The Way You Make A Me Feel

Blue Cheese

Seems to me that it’s not what you say, or even the way that you say it that gets results, it’s the way that you make people feel after you’ve said it.

Many people think the key to success in interpersonal communication is to say informative things in an interesting or entertaining way. But it seems that there’s more to it than that.

You can tell your audience (or family, or friends) the most fascinating things in the world, but that don’t mean a damn to them if you don’t make them feel good in the process.

Tell them the moon is made of blue cheese, and prove it with endless formulae, unimpeachable experimental data but chances are they might only remember you until the next big thing comes along.

However – make them feel like dancing all night from the free samples of blue cheese flavoured emotions, or have them singing your praises at the top of their lungs by virtue of your full-moon silvered feelings and you will light up their hearts and be remembered until … well, maybe until mid next week!
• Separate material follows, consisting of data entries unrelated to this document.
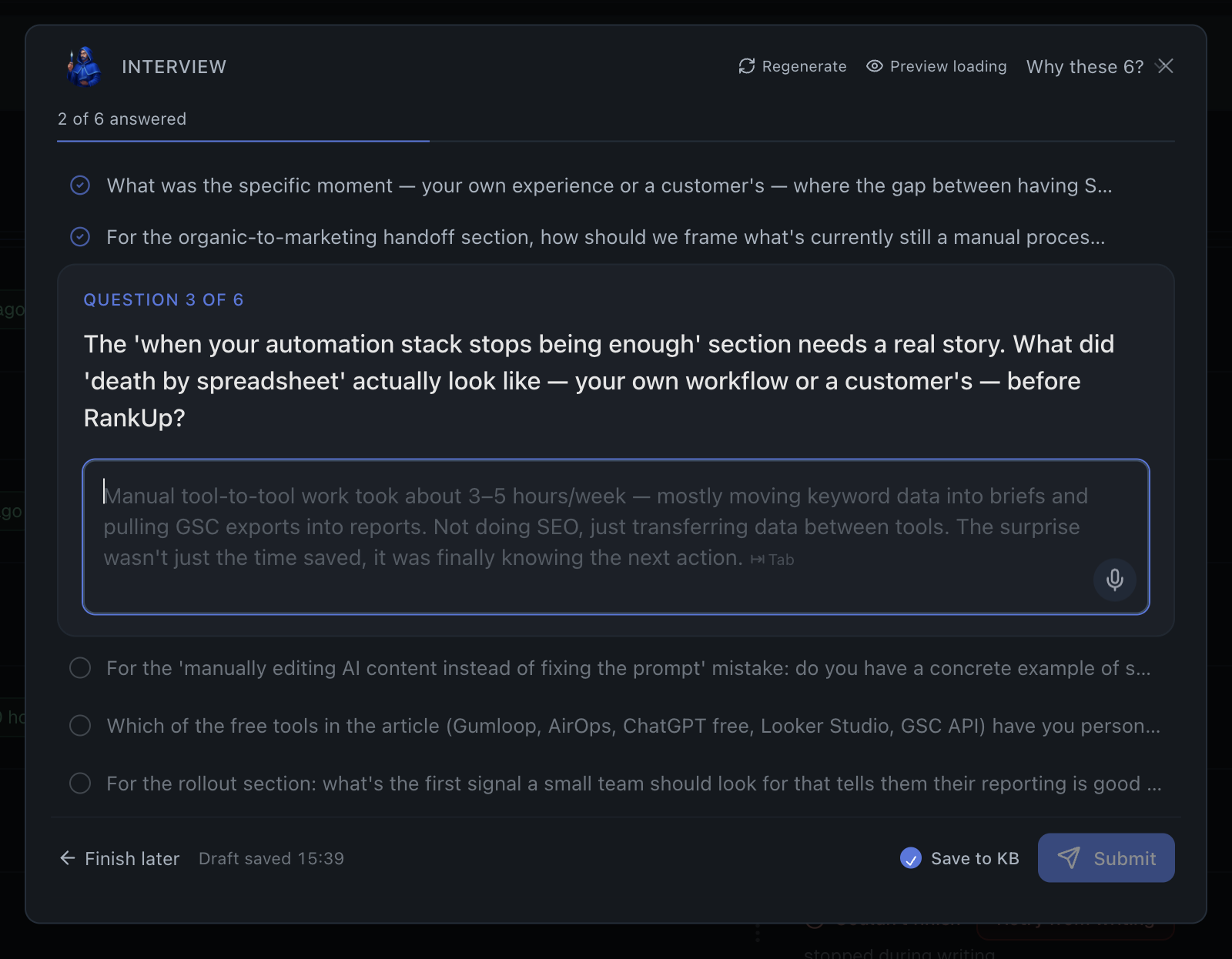 A focused question on a real knowledge gap, with a suggested answer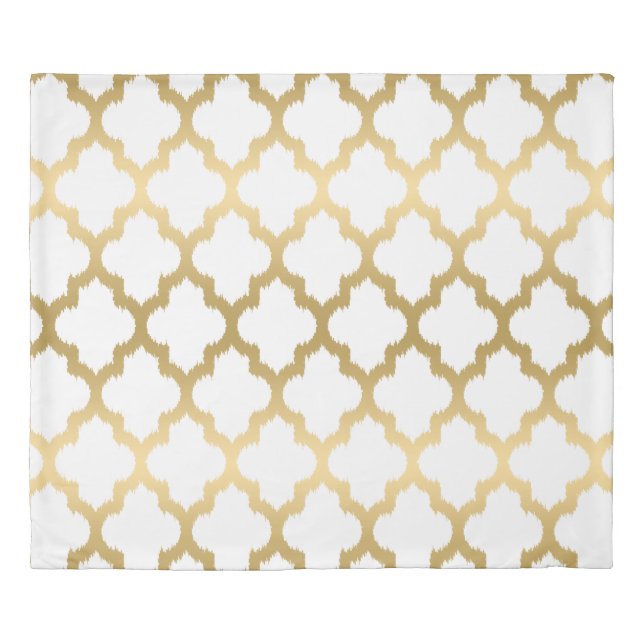 White & Gold Reversible Quatrefoil Modern Pattern Duvet Cover (Front)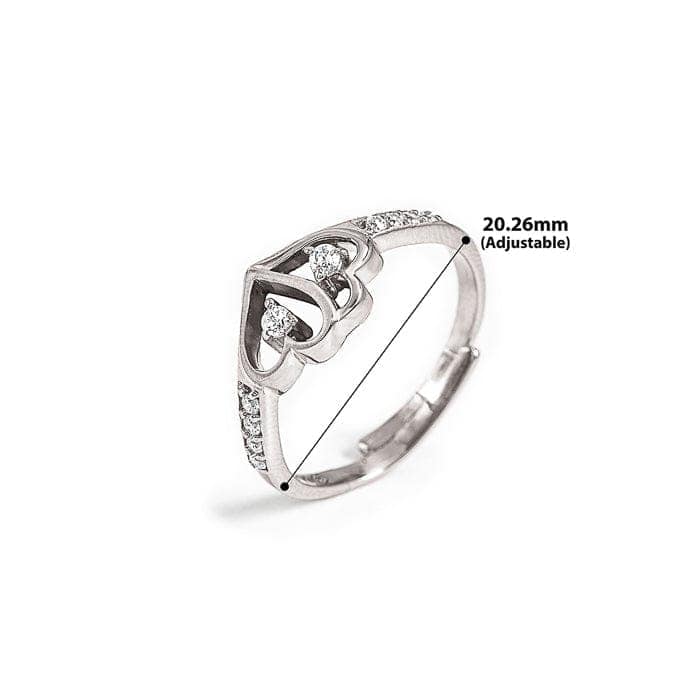 Connected Heart Silver Adjustable Ring view 4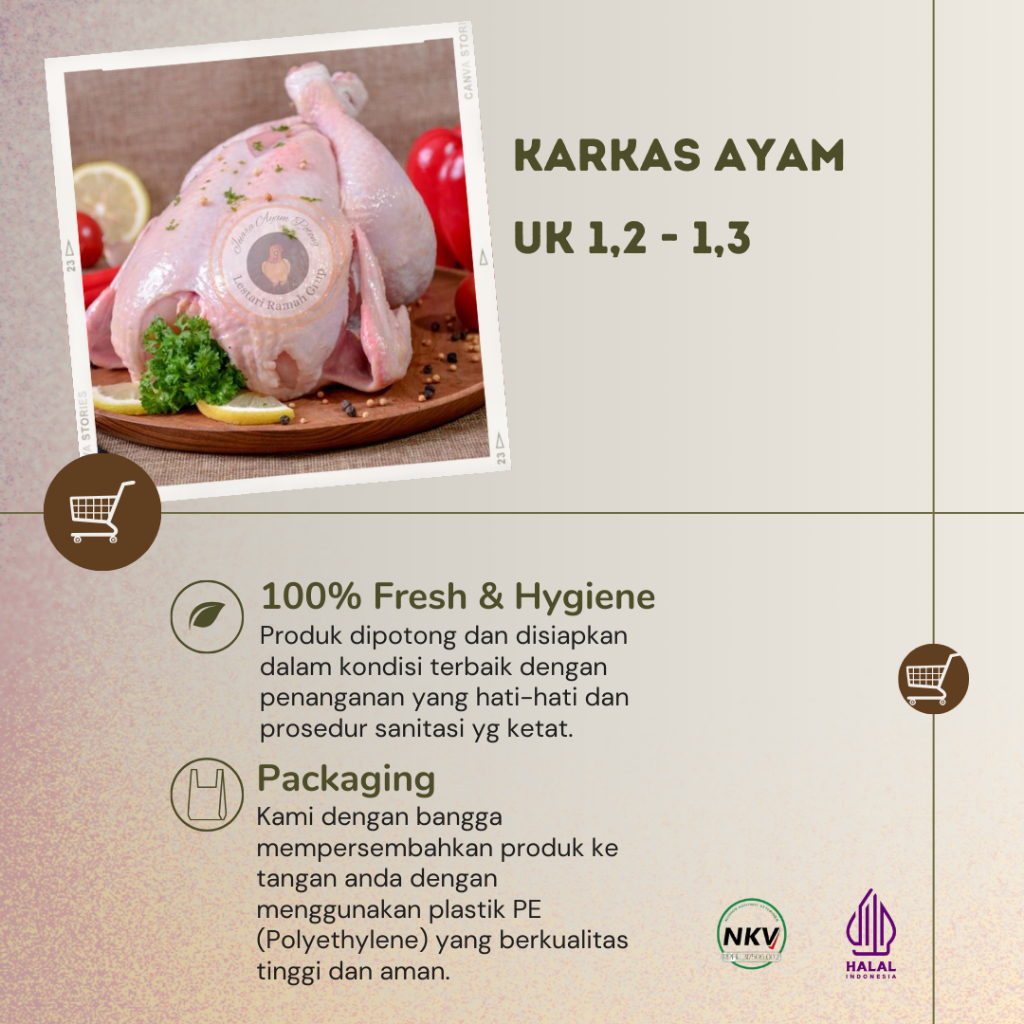 

Karkas Ayam Fresh Ukuran 1.2-1.3kg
What more could you want than that? 🙂

Oh. You want to know how to do that? Ah, okay. Then just let me read some more of this here book (It’s Not What You Say, It’s the Way You Say It! – Michael Parker) and as soon as I’ve got to that part, I’ll let you know more.

In the middle of writing this, I went on a call with my team. Part of that involved all team members introducing themselves to the rest of us. By the time I had finished talking about myself, several of the team members were laughing. I regarded this as a success because they ended up feeling happy. Maybe they’ll remember me fondly for that. Let’s see.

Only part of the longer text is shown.